Abstract

Background. Salt iodisation is considered the most effective long-term public health intervention for achieving optimal iodine nutrition. Effective salt iodisation is a prerequisite for the sustainable elimination of iodine deficiency disorders. The aim of this study was to determine iodine concentration of salt used for the National School Nutrition Program (NSNP). Methods. A cross-sectional study was conducted in 359 food handlers from Vhembe and Mopani districts of Limpopo Province, South Africa. The questionnaire was administered to solicit data on demographic information, general questions on salt fortification, and iodine nutrition knowledge. After the interviews, two tablespoons of salt used for the NSNP food preparation was collected from 318 schools in small zip-lock plastic bags. The salt samples were coded and stored at room temperature and protected from light and moisture until the time of analysis. Salt iodine concentrations were determined at the North-West University (NWU) in Potchefstroom by means of the iCheck test method. Results. The median iodine concentration of both Mopani (31.65 ppm) and Vhembe (32.56 ppm) districts signified adequate iodine levels. Of 318 salt samples, 113 (71%) samples in Mopani and 104 (65%) in Vhembe had an iodine concentration of 15–64 ppm. A few (6%) food handlers in Mopani and almost half (45.9%) in Vhembe could correctly identify iodated salt as the main source of iodine. Almost half of the food handlers (%) in Mopani and 36.5% in Vhembe did not know which part of body needs iodine for functioning. Conclusion. More than 20 years after the implementation of the USI program, the result of the study shows that the international goal of 90% coverage is still far from being realised.

1. Introduction

Malnutrition is a risk factor for early mortality and morbidity in children and adolescents [1]. Malnutrition and hunger accounts for nearly half of the death rate of children worldwide, with approximately 26% of undernourished children residing in Africa [2]. An estimated one-fifth (20%) of the total population comprises those of school age. It is said that approximately 25% of all children in developing countries are vitamin A deficient, whilst other nutrients most likely to be deficient in school aged children are reportedly iron and iodine, with the prevalence rates of the latter being between 35% and 70% [37]. Iversen et al. [5] report that undernutrition particularly affects young children residing in rural areas of the country.

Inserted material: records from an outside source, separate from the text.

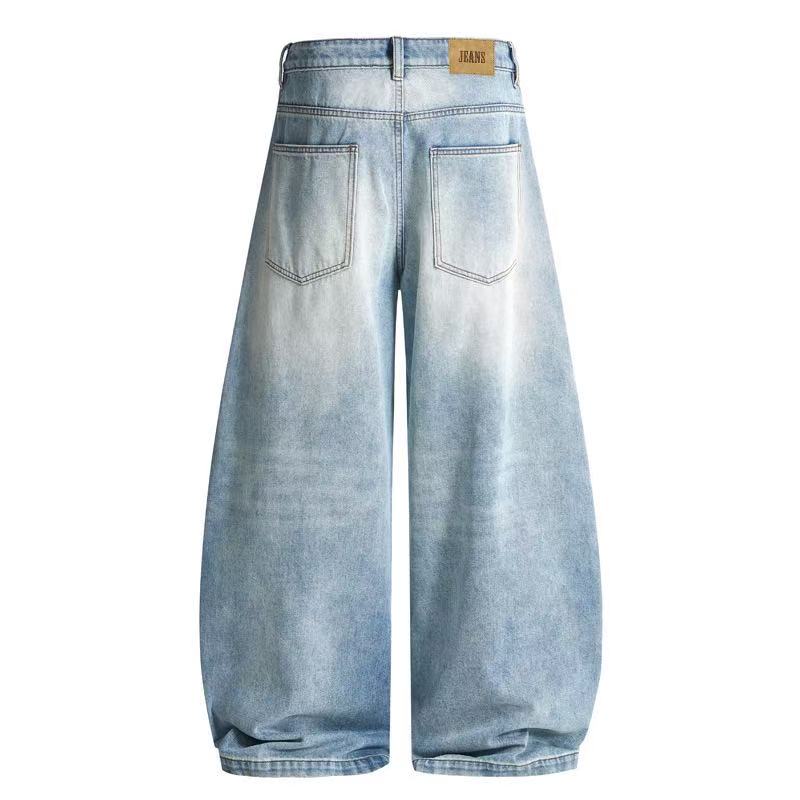 Light wash balloon wide-leg jeans back view with patch pockets and tan label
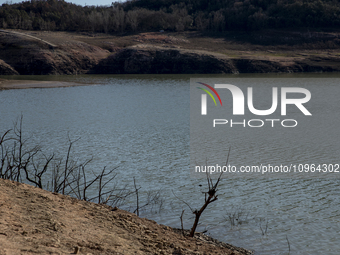 Hundreds of people are visiting the old town of Sant Roma de Sau, where normally the water of the Sau reservoir would almost completely cove...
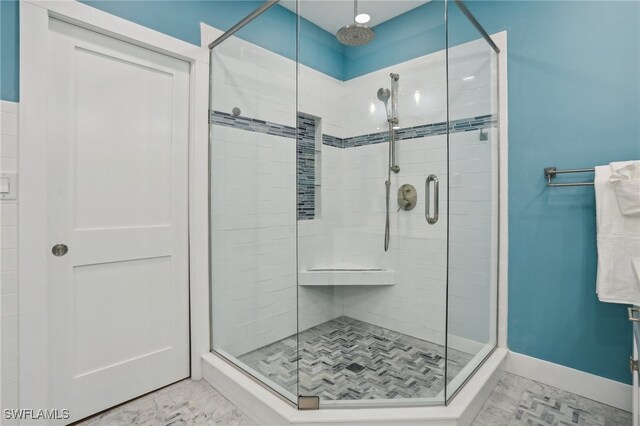 bathroom featuring a shower with shower door and tile patterned floors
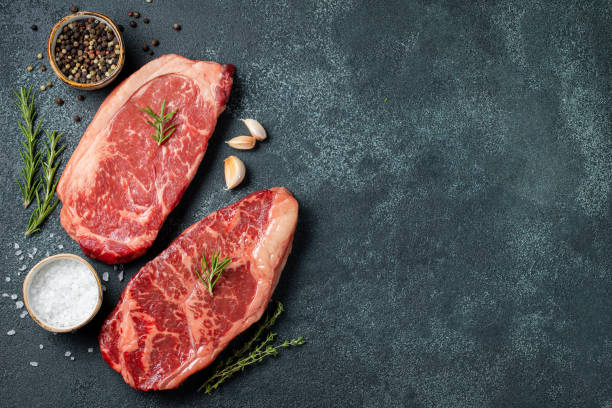 istock Fresh raw Prime Black Angus beef steaks on stone board: Striploin, Rib Eye. Top view with copy space. On a dark background 1048000200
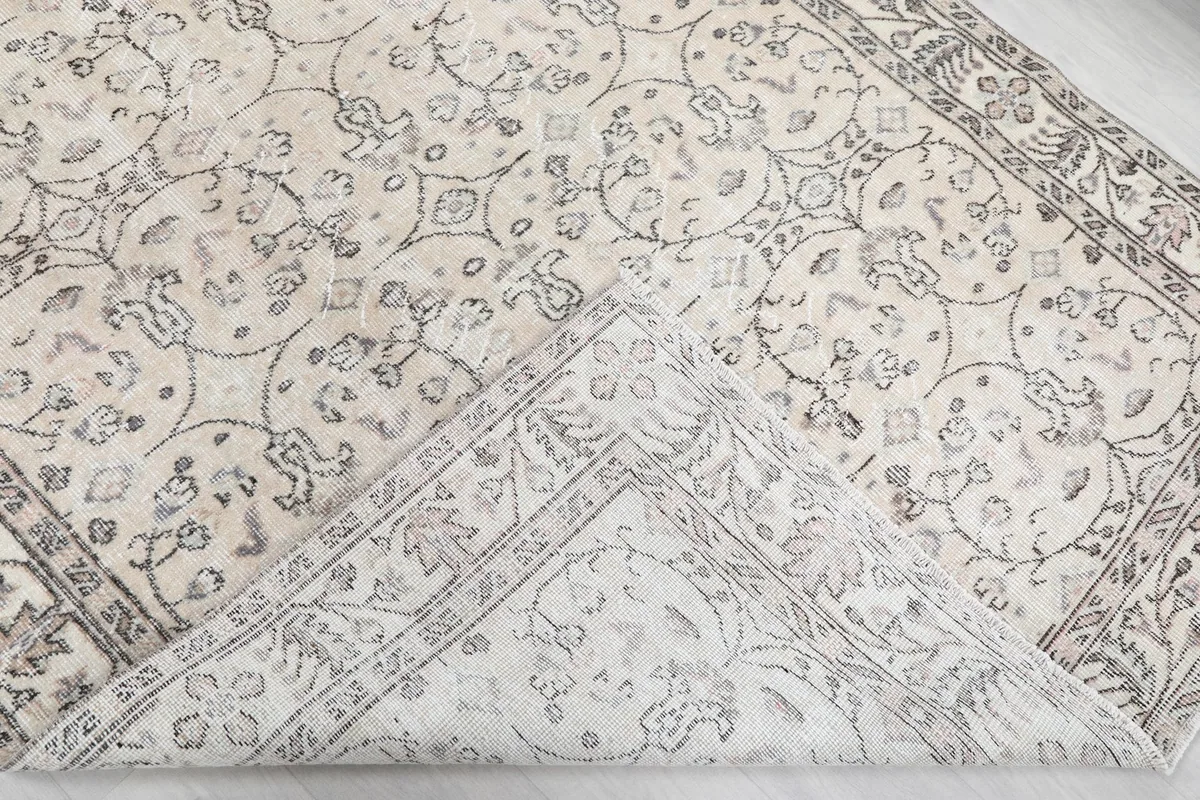 View of the rug folded back to reveal the cotton foundation and reverse side of the knots.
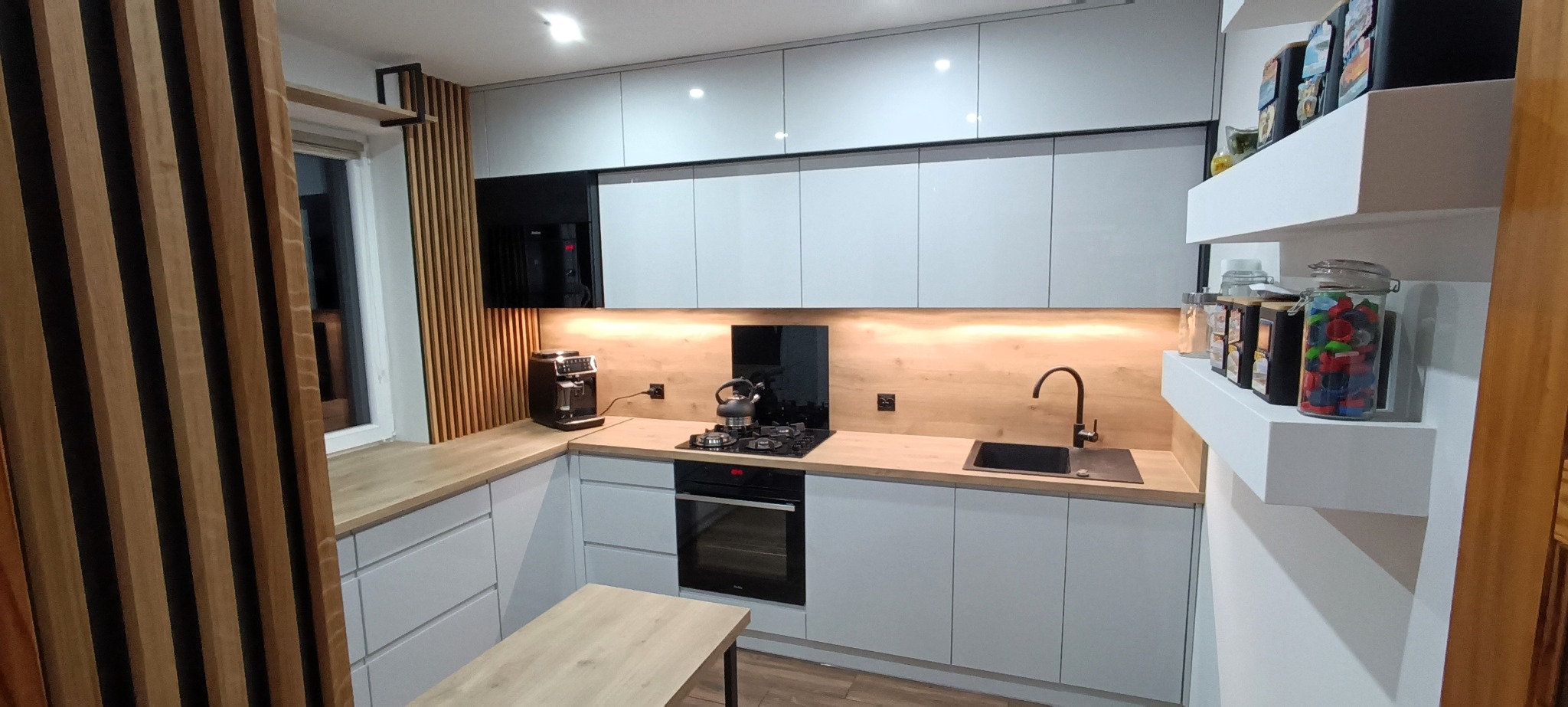 Jasna kuchnia z drewnianymi akcentami: ryflowane panele, blat i półki, ekspres do kawy, czajnik na płycie gazowej.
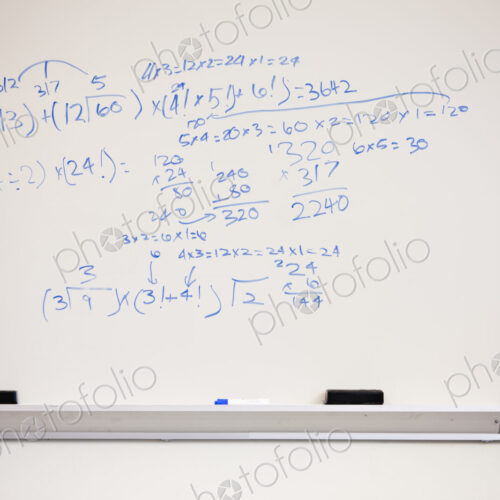 Math equations on whiteboard
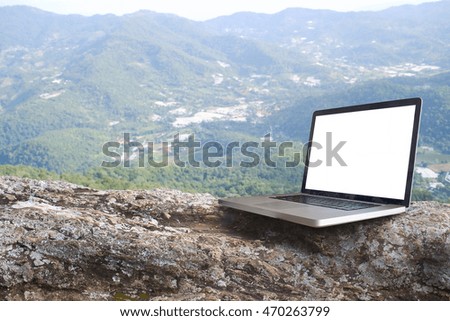 Laptop on rock at top view Hill.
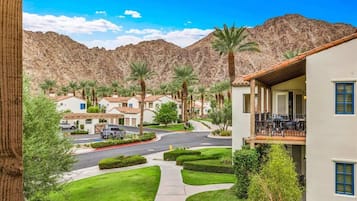 A residential area with houses, a paved road, and a mountain backdrop.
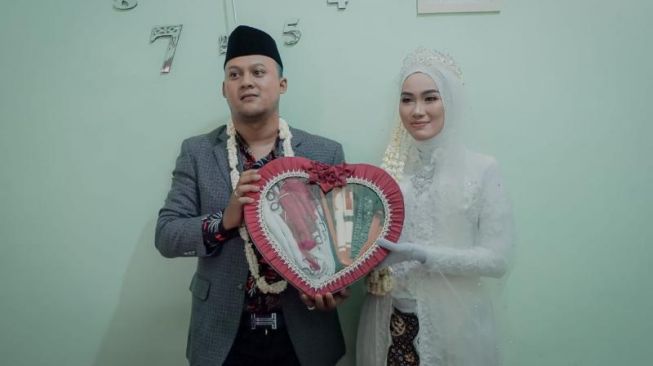 Pasangan pengantin, Muhammad Arif Al Fajar dan Tsaniyah usai menjalani akad nikah memperlihatkan bendera merah putih sebagai mahar mas kawin. (Sabtu, 15/8/2020) [Foto: Istimewa]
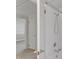 White shower, light fixtures, and brass hardware enhance this bathroom design at 913 Ranch Farm Rd, Raleigh, NC 27603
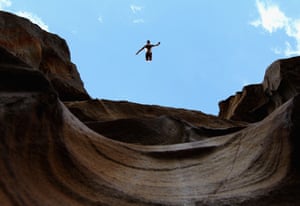 A man jumping off a cliff
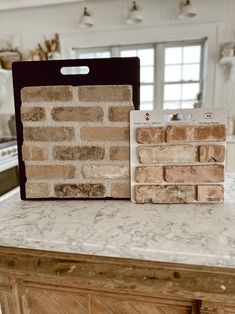 a kitchen counter with two bricks on top of it and one in front of the other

Nutrients are not only important for growth and development but also offer children with energy to perform physical and metabolic functions [8]. Nutrition influences the efficiency of educational programmes [9]. Thus, adequate nutrition is vital during the school-age years because nutrition and health influences a child’s cognitive development [3, 10]. Children lacking certain nutrients in their diet and who suffer from persistent hunger, parasitic infections, or other nutrition-related diseases are likely to have reduced potential for learning compared to healthy, well-nourished children [11]. Nutrient deficiencies account for the inability of children to achieve their full mental and physical potential because of stunted growth, low physical work capacity, reduced IQ, and a lower resistance to infection [4].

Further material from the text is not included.